Look below for the line containing "Ekstender KVM USB" and the line containing "giornale/RAV0142821/1899/unico/00000461", then set down both and every line between them exactly, without pictures.

╔══

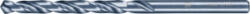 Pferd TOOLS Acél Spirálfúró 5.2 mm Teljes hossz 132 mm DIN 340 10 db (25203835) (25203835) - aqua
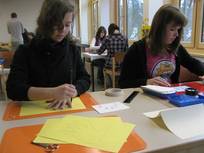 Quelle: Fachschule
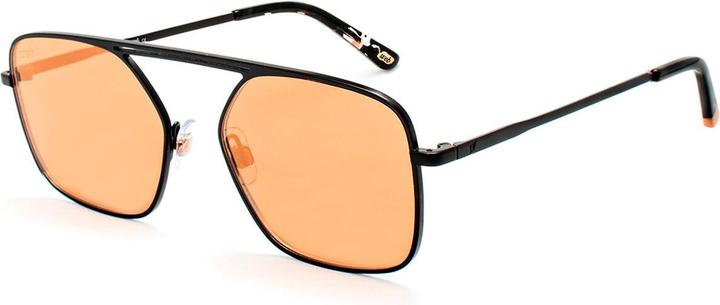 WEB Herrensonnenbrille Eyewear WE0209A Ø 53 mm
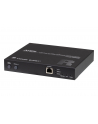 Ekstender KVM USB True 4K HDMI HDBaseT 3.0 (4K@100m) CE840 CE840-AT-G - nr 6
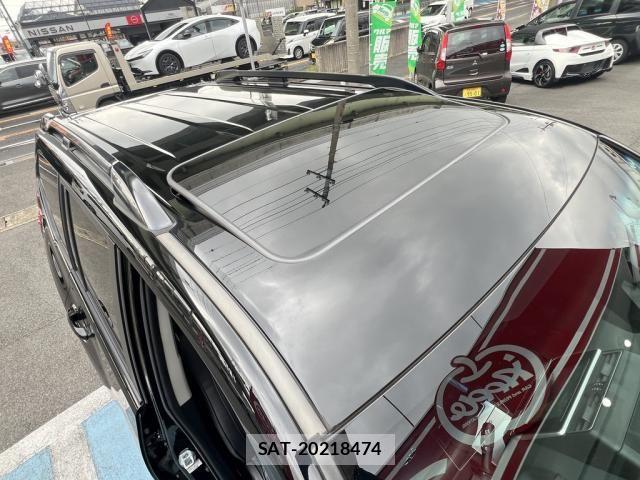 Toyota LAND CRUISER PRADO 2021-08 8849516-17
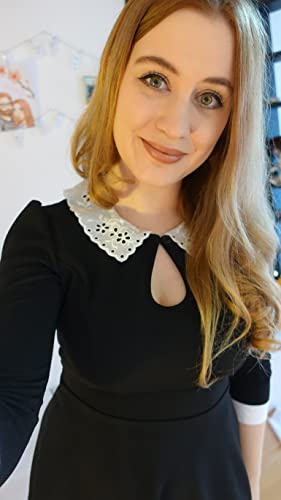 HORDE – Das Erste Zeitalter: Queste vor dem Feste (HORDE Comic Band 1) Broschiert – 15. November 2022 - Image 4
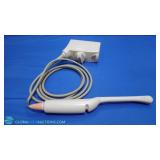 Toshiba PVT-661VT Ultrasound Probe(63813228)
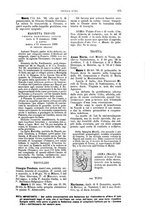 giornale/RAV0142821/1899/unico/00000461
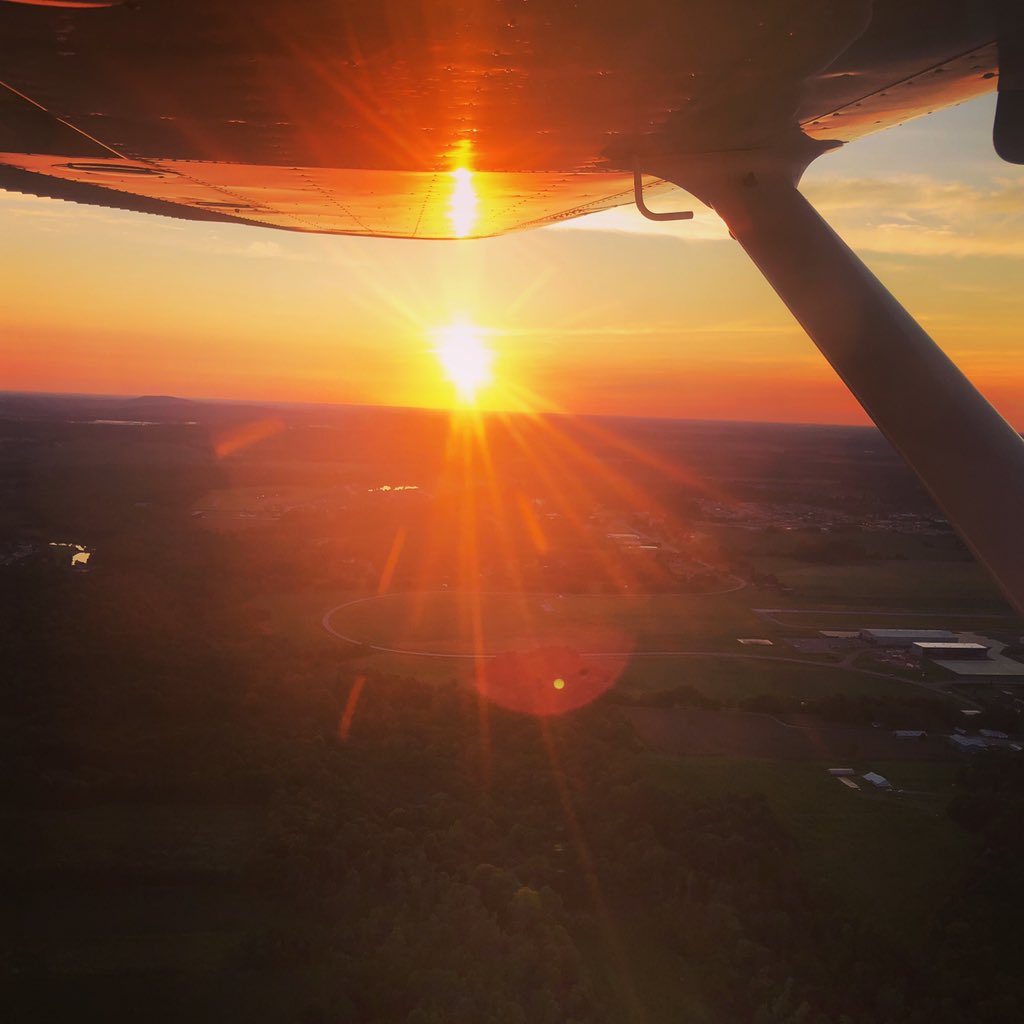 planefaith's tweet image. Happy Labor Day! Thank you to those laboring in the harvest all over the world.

╚══

Written response:
 Ekstender KVM USB True 4K HDMI HDBaseT 3.0 (4K@100m) CE840 CE840-AT-G - nr 6
 Toyota LAND CRUISER PRADO 2021-08 8849516-17
 HORDE – Das Erste Zeitalter: Queste vor dem Feste (HORDE Comic Band 1) Broschiert – 15. November 2022 - Image 4
 Toshiba PVT-661VT Ultrasound Probe(63813228)
 giornale/RAV0142821/1899/unico/00000461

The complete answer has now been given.